4. In her written submissions, she argues that the prayers sought in the application are not tenable in law. She avers that written submissions are incapable of being stayed and that the information in the affidavit in support of the interlocutory application cannot be regarded as evidence in the suit as the pleadings had already closed. She further submitted that the respondent has not offered to the court any explanation as to his absence during the hearing despite being served, and has not given the court sufficient cause to warrant issuing the prayers sought.

5. The following is an account of the proceedings that preceded the filing of the application the subject of this ruling. The applicant herein moved the court on the 18th April 2013, by way of an originating summons. The record is not very clear as to service of the originating summons, but in a replying affidavit, sworn on 14th May 2014 and filed herein on even date, the respondent avers that he had the read the originating summons dated 18th April 2013. The respondent responded to the interlocutory summons dated 24th June 2013, through the affidavit sworn on 12th May 2014, but he did not reply to the suit by way of originating summons.  On 8th May 2014, directions were given by the court, in the presence of advocates for both sides, to the effect that the originating summons would proceed by way of affidavit and oral evidence and that the respondent had been granted leave to file a reply to the application within seven days. The matter was then scheduled for mention to confirm compliance on the 15th May 2014. On the said date the advocate for the respondent did not attend court and by then a response was yet to be filed in reply to the originating summons. The matter was then fixed for hearing of the suit, on the 12th May 2016 but the matter could not proceed due to pressure of work on the part of the court. The matter eventually proceeded on 30th June 2016 when the applicant testified and closed her case. There was notice of the hearing scheduled for 30th June 2016, served on 16th May 2016, on the advocate for the respondent, who acknowledged receipt by stamping and signing on the copy of the notice returned to court through the affidavit of service sworn on 31st May 2016 and filed herein on 3rd June 2016. The matter was thereafter fixed for mention to confirm filing of submissions on the 28th July 2016, on which date the instant application was filed.

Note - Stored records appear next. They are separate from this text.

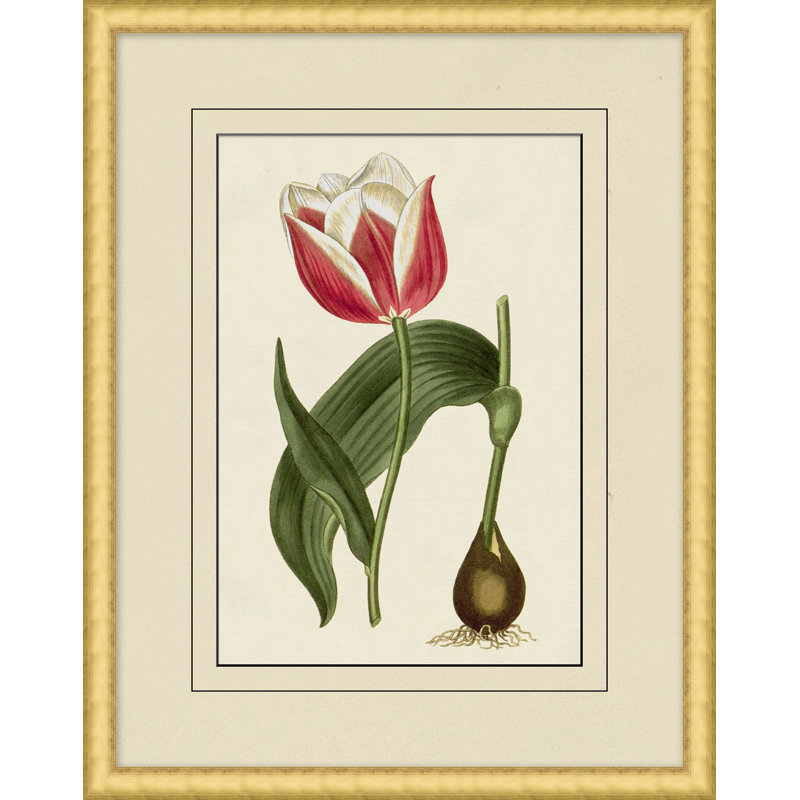 Fresh Flowers 2 Print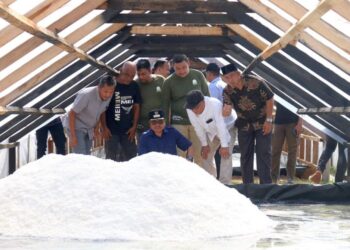 Panen Perdana, Industri Garam Rakyat di Seunuddon Mampu Produksi 4,5 Ton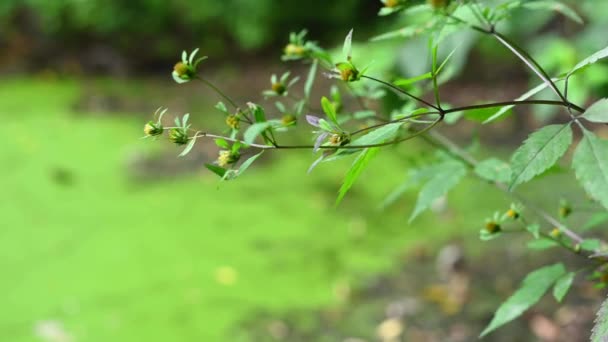 Bidens tripartita auf dem Hintergrund eines Teiches mit Wasserlinsen. Heilpflanze. Statisches Kameravideo, Windbewegung. — Stockvideo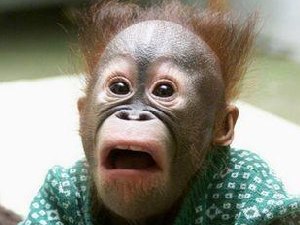 猩猩搞笑图 萌萌哒啊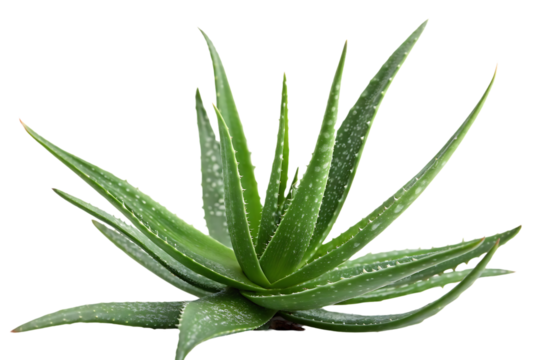 Large green plant with many leaves. Isolated, on transparent background. PNG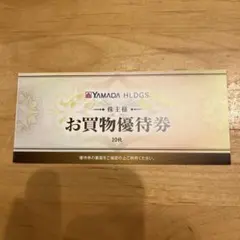 ヤマダ電機YAMADA HLDGS. 株主優待券 5,000円分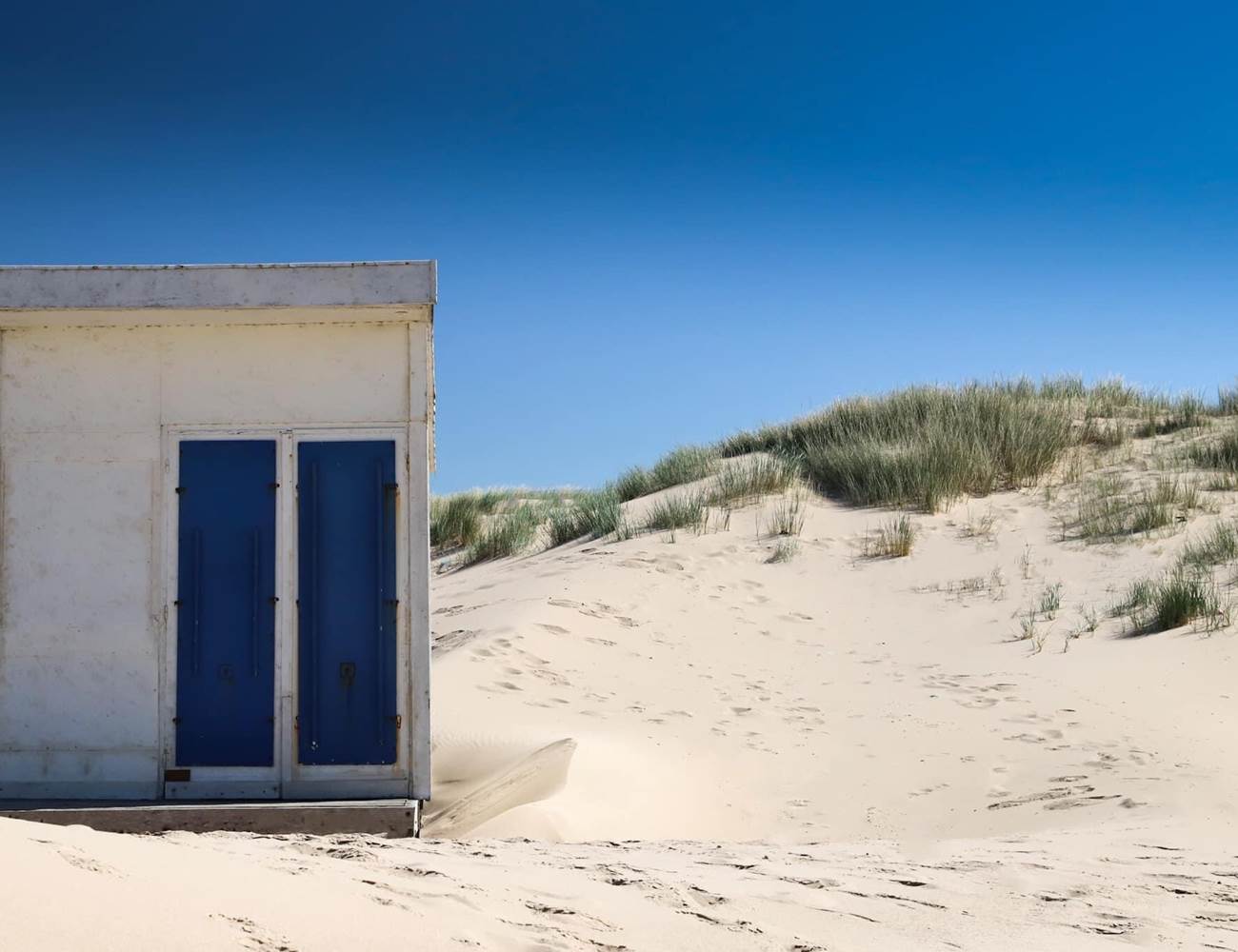 IMG_8812-photo-gallery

6. The only issues for determination are whether the court can grant orders as sought by the respondent and whether the respondent is entitled to those orders.

7. The application herein is brought under the provisions of sections 5, 6, 7 and 13 of the Matrimonial Property Act, No. 49 of 2013. These provisions provide as follows:

“Section 5.

Rights and liabilities of a person.

Subject to section 6, the interest of any person in any immovable or movable property acquired or inherited before marriage shall not form part of the matrimonial property.

Section 6. Meaning of matrimonial property

(1) For the purposes of this Act, matrimonial property means—

(a) the matrimonial home or homes;

(b) household goods and effects in the matrimonial home or homes; or

(c) any other immovable and movable property jointly owned and acquired during the subsistence of the marriage.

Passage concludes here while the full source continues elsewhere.